Ника ощущала этот взгляд между лопатками — холодок, как от форточки зимой. Только не холодок, если честно. Что-то другое. Она в двойных отрицаниях путалась и из-за этого кипела на себя.

На третей неделе он подошёл. После выступления. Провода она собирала — механическая работа, как медитация, только для рук, — и вот тень. Он.

— Голос ломается на высоких нотах.

Ну привет.

— Спасибо, конечно, — Ника даже не посмотрела вверх. — Положить отзыв в копилку чаевых?

— Он ломается правильно. Не потому что слабо — потому что вы поёте в страхе. Боитесь громче.

Вот она подняла голову.

Он стоял слишком близко. Нормальное расстояние — метр, может, полтора. Это было — шаг. Глаза серые. Нет, не серые; цвета стали, которую давно не точили, но она ещё режет. Скулы острые, чёрная щетина, рубашка нараспашку у горла; на шее — тонкий шрам, старый, белый, почти не видно. Почти.

— Я не боюсь, — сказала она.

— Боитесь. Но это можно исправить.

Он руку протянул. На ладони ключ. Маленький, медный, старомодный — как от шкатулки, или от дневника. Или вообще ни от чего.

— Это что?

— Дверь тридцать три. Подвал. Когда будете готовы.

И ушёл.

Ника ключ крутила. Теплый — от его рук. Нормальный человек выбросил бы. Или отнёс. Или хотя бы спросил — готова к чему?

Ника положила в карман.

***

План здания она нашла. «Грот» — это бывший кинотеатр: два зала наверху (основной и какой-то VIP-ный), фойе, кухня, подсобные помещения. Подвал — технические помещения, вентиляция, кладовая. Три двери, может четыре. Тридцать три — невозможно.

Но ключ в кармане грелся, как живой организм.

В среду после смены спустилась.

Лестница узкая, бетон, пахнет сыростью и какой-то краской. Первая дверь — кладовая (табличка). Вторая — электрощитовая (видны провода). Третья — просто закрыто, ничего не написано. Четвёртой нет.

Она обернулась.

И увидела коридор, которого минуту назад не было. Или был? Может просто не заметила, когда поворачивала. Тьма же тут; один светильник на три метра, и тот мигает.

Коридор вправо уходит. Стены не бетон, а кирпич — старый, с выщербинами. Пол плитка, чёрная с белым узором, как в парадных домах. Двери с двух сторон, деревянные, с номерами.

7. 14. 21.

Кратные семи? Серьёзно?

28.

Дальше кирпич. Конец.

Не совсем; последняя дверь: 33. Маленькая. Тёмное дерево. Скважина как раз под медный ключик.

Стояла, дышала.
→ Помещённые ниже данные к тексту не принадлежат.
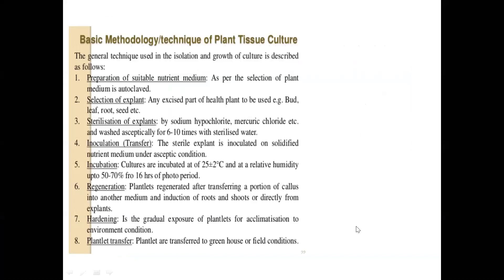This is a brushing up on the basic methodology and techniques used in any plant tissue culture laboratory. The hierarchy goes: preparation of the medium, then selection of the explant — which is any part of a healthy plant — then sterilization of the explant using surface sterilization methods like sodium hypochlorite or mercury chloride, followed by washing with sterile distilled water, and then inoculation — the transfer of the explant to a suitable medium under aseptic conditions. For explants we use a solid culture; for callus transfer we can use solid or suspension culture.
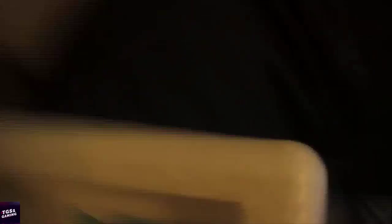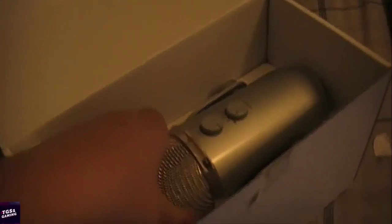Oh my gosh, guys — you guys see that? Here it comes. It comes with a little stand — look at that. And you guys can see the beauty of it — it feels really nice. Okay, let me get this thing out of the box.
Наверху где-то басы гудят — приглушённо, издалека, как биение чужого сердца. Здесь молчание. Такое, где слышно, как кровь гудит в венах. Собственных вен, надо полагать. (Хотелось бы верить, что собственных.)

Повернула ключ.

***

Комната небольшая. И совсем не пугающая — это удивило больше всего.

Рояль. Чёрный, концертный, здесь он смотрелся как ледокол в ванне. Бархатная скамейка. На стене фотографии — чёрно-белые, десятки или сотни, не считала. Люди. Все поют. Все с закрытыми веками, все с открытыми ртами.

Ника подошла. Фотографии разного возраста. Платья пятидесятых рядом с татуировками из двухтысячных. Мужик в военной форме. Девчонка лет двенадцати в косичках. Бабушка с морщинами, но рот у неё такой открытый, такой безумный, будто не поёт, а богу в лицо кричит.

— Каждый из них пел в этой комнате.

Ника не вскрикнула; ну ладно, немного вскрикнула. Но не обернулась. Гордость.

— Зданию сто с лишним лет, — говорит Вельт. Стоит в дверях, боком к косяку прислонился. — До кинотеатра здесь варьете было. До варьете трактир. Раньше — не помнит никто. Но рояль здесь стоял всегда.

— Рояли не живут сто лет.

— Этот живёт.

Она клавишу коснулась. Ля первой октавы. Звук такой густой, тёплый, совсем неправильно живой для инструмента в подвале. Вибрирует в полу, в стенах; Ника почувствовала ступнями.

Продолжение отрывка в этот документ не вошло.